Ramón María del Valle-Inclán y de la Peña was a Spanish dramatist, novelist and member of the Spanish Generation of 98. He is considered perhaps the most noteworthy and certainly the most radical dramatist working to subvert the traditionalism of the Spanish theatrical establishment in the early part of the 20th century. His drama is made all the more important by its influence on later generations of Spanish dramatists.
His statue in Madrid therefore receives the homage of the theatrical profession on the national theater day.

Biography

Ramón María del Valle-Inclán was the second son of Ramón Valle-Inclán Bermúdez and Dolores de la Peña y Montenegro.
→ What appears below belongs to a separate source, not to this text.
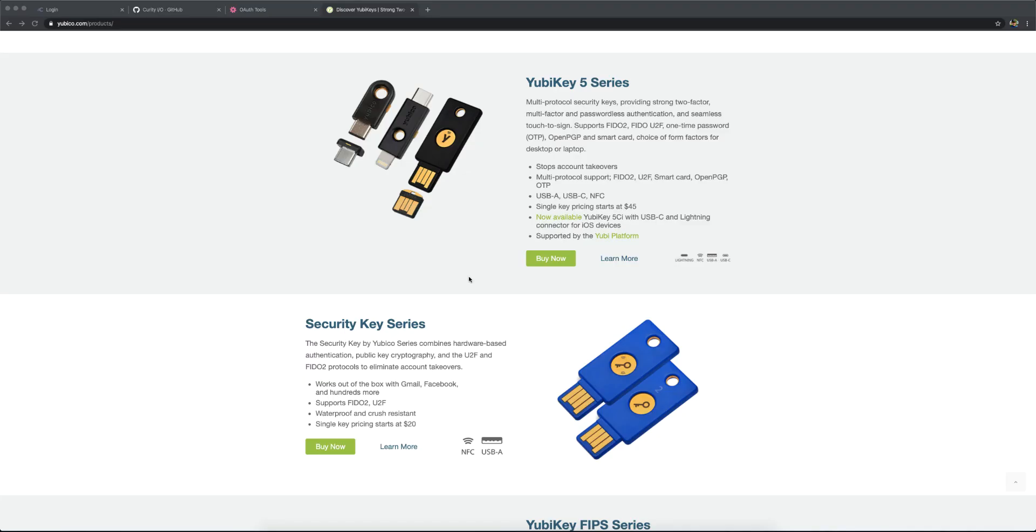In this short recording, we're going to look at how we can use the Curity WebAuthn Authenticator together with a YubiKey, a 5-series YubiKey that is NFC-enabled, and we're going to test that out on an iPhone.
As a child he lived in Vilanova and A Pobra do Caramiñal, and then he moved to Pontevedra in order to study high school. In 1888 he started to study Law at University of Santiago de Compostela, and there he published his first story, Babel, at the Café con gotas magazine. He left his studies and moved to Madrid in 1890, where he wrote for various periodical newspapers such as El Globo, La Ilustración Ibérica or El Heraldo de Madrid.
In 1892 he traveled to Mexico, where he wrote for El Universal, El Correo Español and El Veracruzano Independiente.
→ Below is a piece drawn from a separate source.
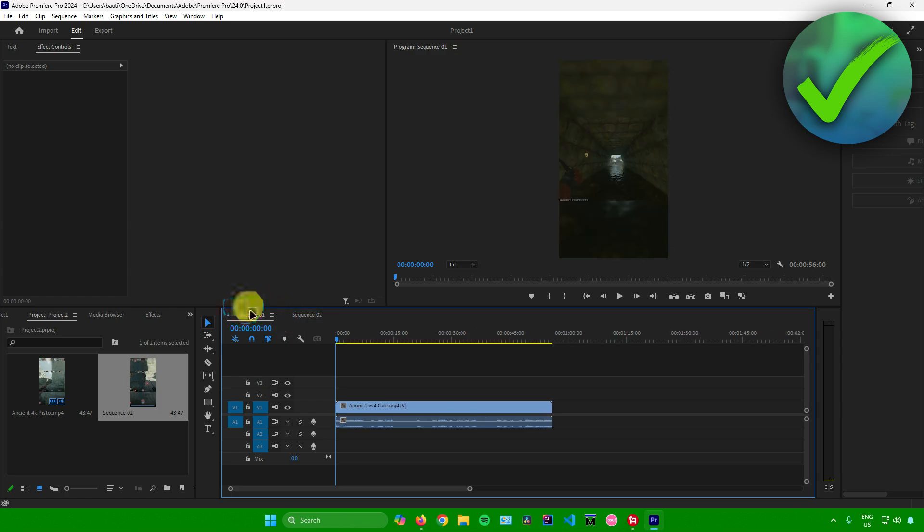And that's pretty much it on how to open two projects in Premiere Pro.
In 1883, he returned to Pontevedra, where he wrote his first book, Femeninas , published in 1895.
In 1885, he moved to Madrid again, working as an official at the Ministry of Public Instruction and Fine Arts. In Madrid he did some translations of José Maria de Eça de Queirós, Alexandre Dumas, Gabriele D'Annunzio, Jules Barbey d'Aurevilly, Paul Alexis and Matilde Serao. In spite of his economic difficulties, he started to have a name in the tertulias of many culturally significant coffeehouses in Madrid, such as Café Gijón, and to be noticed for his dandy attitude and his eccentric looks.
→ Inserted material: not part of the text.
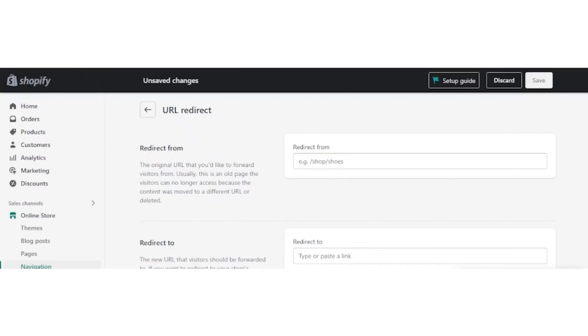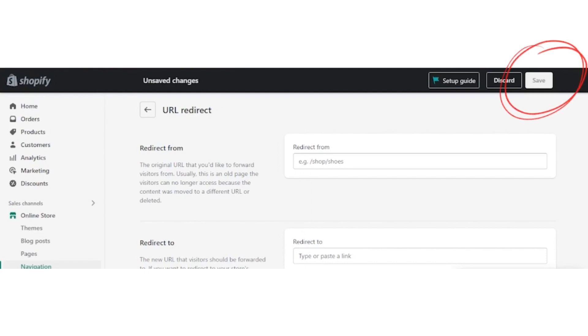After that, URL redirect page will appear. So in the first bar of the redirect form, you will add your old URL link which is not working now. And in the second bar on the redirect form, redirect to, you will add new URL link which is in use currently. And then click on the Save button.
His hot temper got him involved in various affrays. Because one of those, at Café de la Montaña in 1899, an unfortunate stick wound by writer Manuel Bueno caused one of his cufflinks to inlay in his arm. The wound produced gangrene, and Valle-Inclán had his arm amputated. That same year of 1899, he met Rubén Darío, and both of them became good friends. At that time, he published his first theater play, Cenizas , and he started a very prolific literary period.
In 1907 he married the actress Josefina Blanco Tejerina.
In 1910 he traveled for six months to various Latin American countries escorting his wife on an acting tour.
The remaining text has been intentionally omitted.